Comparing the average sales volume of Changhong TV with that of all TV brands:
Curl the GET IP: port/TVS / _search {" size ": 0," query ": {" term" : {" brand ": {" value" : "changhong"}}}, "aggs" : { "single_brand_avg_price": { "avg": { "field": "price" } }, "all": { "global": {}, "aggs": { "all_brand_avg_price": { "avg": { "field": "price" } } } } } }Copy the code
Query in the above request is used to limit the scope to perform aggregate analysis on doc within that scope, and the internal global keyword specifies aggregate analysis to all doc.
Request the results
{ "took" : 35, "timed_out" : false, "_shards" : { "total" : 1, "successful" : 1, "skipped" : 0, "failed" : 0 }, "hits" : { "total" : { "value" : 3, "relation" : "eq" }, "max_score" : null, "hits" : [ ] }, "aggregations" : {"all" : {"doc_count" : 8, "all_brand_avg_price" : {"value" : 2650.0}}, "single_brand_avg_price" : {"value" : 1666.6666666666667}}}Copy the code
Generally speaking, some metric operations of aggregation analysis are easy to be carried out in parallel in multiple shards, such as Max, min, AVG, etc. After receiving the return results of each SHard, the coordinate Node only needs simple calculation to get the final result:
- Coordinate Node broadcasts requests to all shards;
- Each fragment calculates the local maximum field value and returns it to coordinate Node.

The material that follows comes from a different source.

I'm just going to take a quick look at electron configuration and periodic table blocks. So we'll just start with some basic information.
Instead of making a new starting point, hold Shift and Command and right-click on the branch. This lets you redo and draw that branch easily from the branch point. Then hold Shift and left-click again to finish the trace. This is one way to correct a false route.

- Coordinate Node chooses the maximum value that all the shards return, and that’s the final maximum.
These algorithms can scale horizontally as the number of machines increases linearly, without any coordination (no intermediate results need to be discussed between machines), and with very little memory consumption (an integer represents the maximum).

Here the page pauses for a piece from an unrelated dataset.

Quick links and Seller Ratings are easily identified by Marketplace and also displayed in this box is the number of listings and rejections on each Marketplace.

However, there are other algorithms that are difficult to execute in parallel, such as count(DISTINCT). It is not necessary to filter distinct values directly on each SHard, because coordinate Node needs to get the results returned by each SHard to perform the filtering operation in memory. This process can be time-consuming if the data volume is very large.
As a result, Elasticsearch uses approximation algorithms to improve performance, which give accurate but not 100% accurate results at the expense of a few minor estimation errors, in return for fast execution and minimal memory consumption.